The most important moment in books of 2016: The death of Harper Lee

Harper Lee in the courthouse in Monroeville, Ala.
Harper Lee, author of “To Kill a Mockingbird,” in the courthouse in Monroeville, Ala.
(Donald Uhrbrock / Time & Life Pictures/Getty Image)

It was as if Scout herself had died.

Of course, everyone knows that Harper Lee, who died Feb. 19 at age 89, was not Scout, the protagonist of her novel “To Kill a Mockingbird.” But the book was so beloved, and Lee herself had withdrawn so completely from public life, that she and Scout became twin tomboys frozen in time.

For five decades, if you sought out biographical details, you might have known this: Lee lived quietly in New York before eventually returning to Alabama; she was a Mets fan; for a time, she struggled with alcohol; she settled in Monroeville under the protective wing of her older sister, Alice, who like their father was a lawyer; in Harper’s later years, her new attorney and Alice differed strongly and publicly about Harper’s competency; and then there was the 2015 novel “Go Set A Watchman,” discovered among Lee’s archives, which became a bestseller, as any follow-up to “To Kill a Mockingbird” would have done.

During all those years, Harper Lee could have been famous; she could have appeared on talk shows and gone to fancy parties like her friend Truman Capote. Her book was a bestseller for decades, generating legions of devoted fans who no doubt showered her with letters and appeals for visits, appearances, a word. But she avoided fame, resisted sharing her daily life and private thoughts with the larger public. She gave us one great work of art and left it at that.

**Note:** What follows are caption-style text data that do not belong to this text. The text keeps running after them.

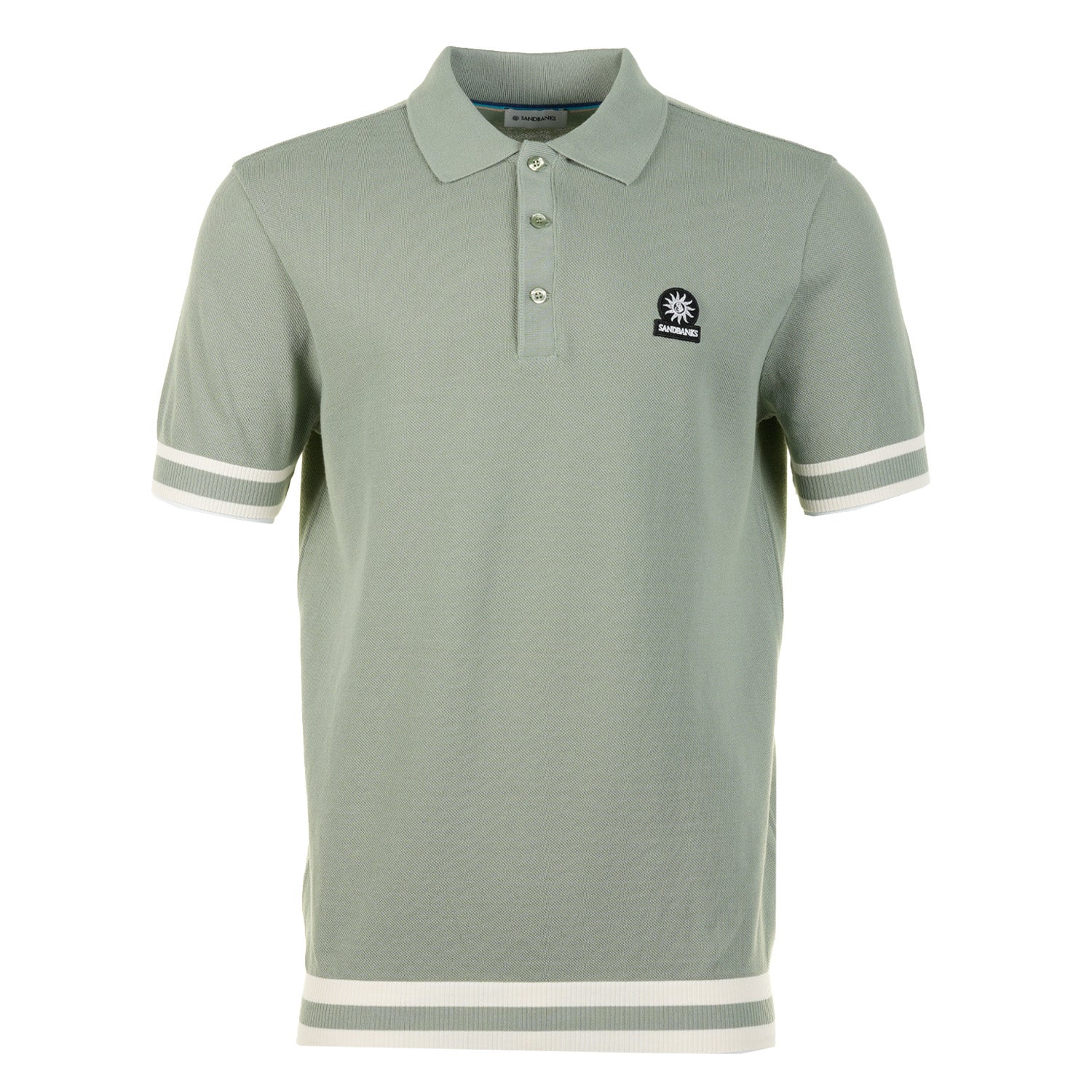 Short Sleeve Stripe Hem Polo Shirt Sage
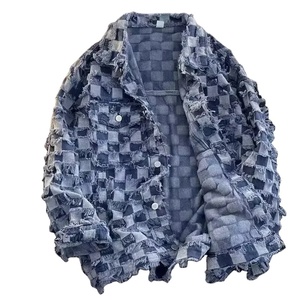 Veste en jean à carreaux pour hommes et femmes Style américain Loose-fit Vintage Design Sensibility Automne Casual Wear Trendy - Product Image 1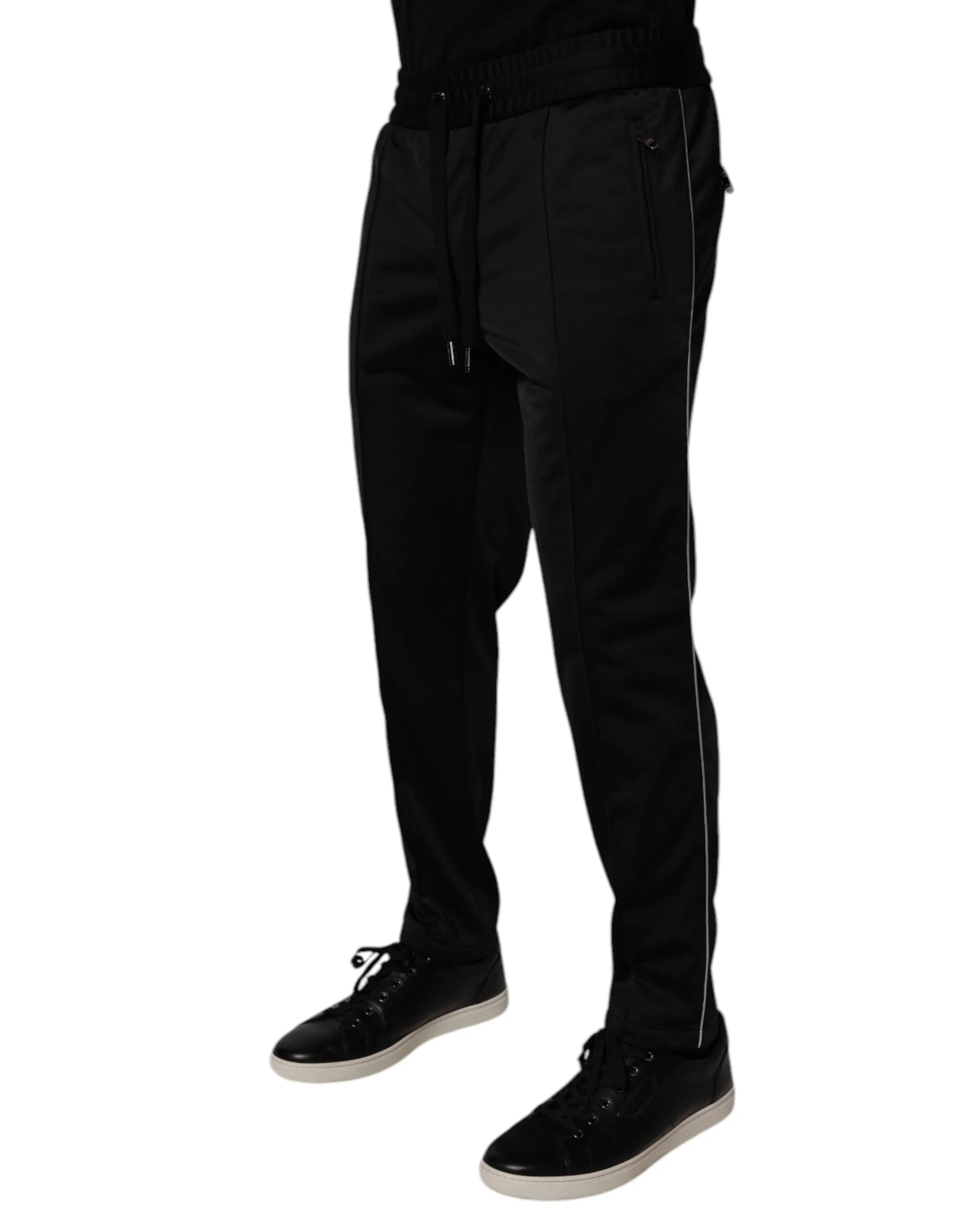 Dolce & Gabbana Black Polyester Men Jogger Sweatpants Pants - IT48 | M - Joggers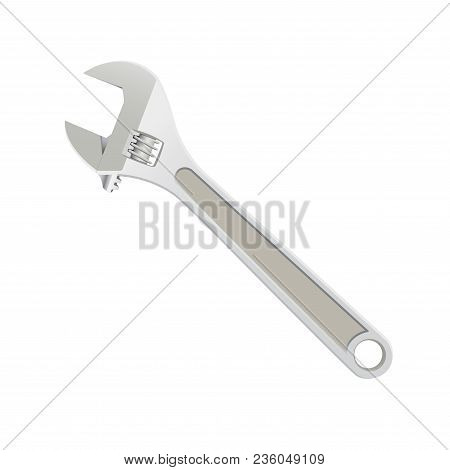 Adjustable Monkey Wrench Isolate On White Background. Vector Illustration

Despite being published in 1960, “To Kill a Mockingbird” remains painfully relevant. It is widely assigned in schools because of its direct engagement with racism as seen through the eyes of a young girl. That a story set in 1936 and published before the Civil Rights Act was passed has resonance today is a sad lesson in how little America has been able to deal with race and racism.

And even if it is still banned — this year, schools in Virginia took it off shelves after a parent’s complaint — “To Kill a Mockingbird” is a book we can expect just about everyone to have read.

It is perhaps our last shared story, the last book we all read together as a nation.  


Eventually, it will fail to speak to our contemporary condition. But for now, while we have said goodbye to Lee herself, Scout persists, waiting to be discovered by a new generation of readers ready to think about prejudice and how to stand up and speak out in the face of injustice.